I'm using a piece of code (found else where on this site) that checks endianness at runtime.
static bool isLittleEndian()
{
short int number = 0x1;
char *numPtr = (char*)&number;
std::cout << numPtr << std::endl;
std::cout << *numPtr << std::endl;
return (numPtr[0] == 1);
}
When in debug mode, the value numPtr looks like this: 0x7fffffffe6ee "\001"
I assume the first hexadecimal part is the pointer's memory address, and the second part is the value it holds. I'm know that \0 is null termination in old-style C++, but why is it at the front? Is it to do with endianness?
On a little-endian machine: 01 the first byte and therefore least significant (byte place 0), and \0 the second byte/final byte (byte place 1)?
In addition, the cout statements do not print the pointer address or it's value. Reasons for this?
The others have given you a clear answer to what "\000" means, so this is an answer to your question:
On a little-endian machine: 01 the first byte and therefore least significant (byte place 0), and \0 the second byte/final byte (byte place 1)?
Yes, this is correct. Of you look at value like 0x1234, it consists of two bytes, the high part 0x12 and the low part 0x34. The term "little endian" means that the low part is stored first in memory:
addr: 0x34
addr+1: 0x12
Did you known that the term "endian" predated the computer industry? It was originally used by Jonathan Swift in his book Gulliver's Travels, where it described if people were eating the egg from the pointy or the round end.
the easiest way to check for endianness is to let the system do it for you:
if (htonl(0xFFFF0000)==0xFFFF0000) printf("Big endian");
else printf("Little endian");
That's not a \0 followed by "01", it's the single character \001, which represents the number 1 in octal. That's the only byte "in" your string. There's another byte after it with the value zero, but you don't see that since it's treated as the string terminator.
For starters: this type of function is totally worthless: on a machine
where sizeof(int) is 4, there are 24 possible byte orders. Most, of
course, don't make sense, but I've seen at least three. And endianness
isn't the only thing which affects integer representation. If you have
an int, and you want to get the low order 8 bits, use intValue &
0xFF, for the next 8 bits, (intValue >> 8) & 0xFF.

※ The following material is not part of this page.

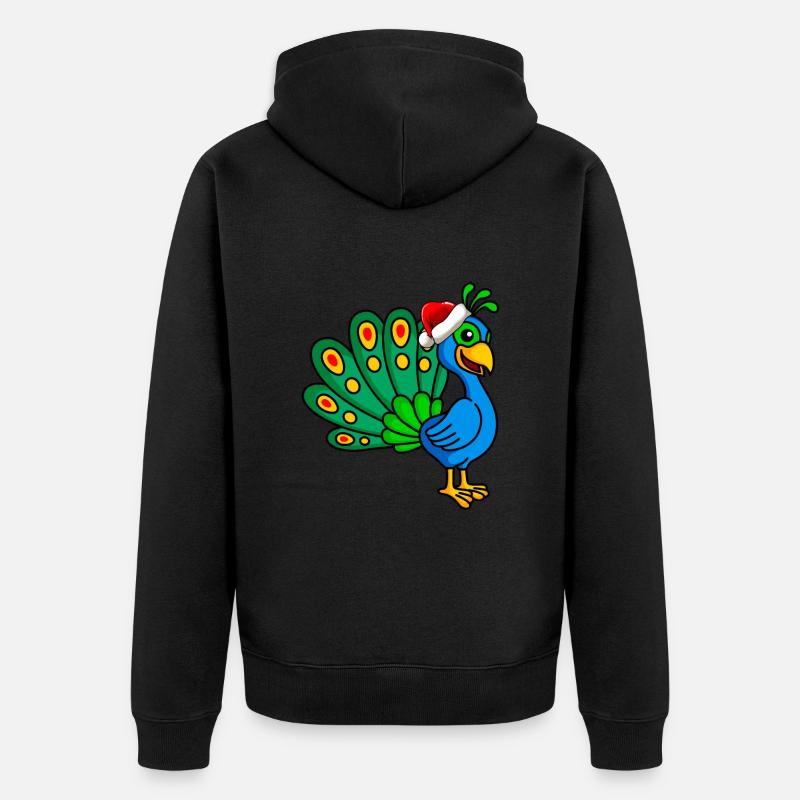 Peacock Comic Christmas - Veste à capuche bio Premium Unisexe - noir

With regards to your precise question: I presume what you are describing
as "looks like this" is what you see in the debugger, when you break at
the return. In this case, numPtr is a char* (a unsigned char
const* would make more sense), so the debugger assumes a C style
string. The 0x7fffffffe6ee is the address; what follows is what the
compiler sees as a C style string, which it displays as a string, i.e.
"...". Presumably, your platform is a traditional little-endian
(Intel); the pointer to the C style string sees the sequence (numeric
values) of 1, 0. The 0 is of course the equivalent of '\0', so it
considers this a one character string, with that one character having
the encoding of 1. There is no printable character with an encoding of
one, and it doesn't correspond to any of the normal escape sequences
(e.g. '\n', '\t', etc.) either. So the debugger outputs it using
the octal escape sequence, a '\' followed by 1 to 3 octal digits.
(The traditional '\0' is just a special case of this; a '\' followed
by a single octal digit.) And it outputs 3 digits, because (probably)
it doesn't want to look ahead to ensure that the next character isn't an
octal digit. (If the sequence were the two bytes 1, 49, for example,
49 is '1' in the usual encodings, and if it output only a single byte
for the octal encoding of 1, the results would be "\11", which is a
single character string—corresponding in the usual encodings to
'\t'.) So you get " this is a string, \001 with first character
having an encoding of 1 (and no displayable representation), and "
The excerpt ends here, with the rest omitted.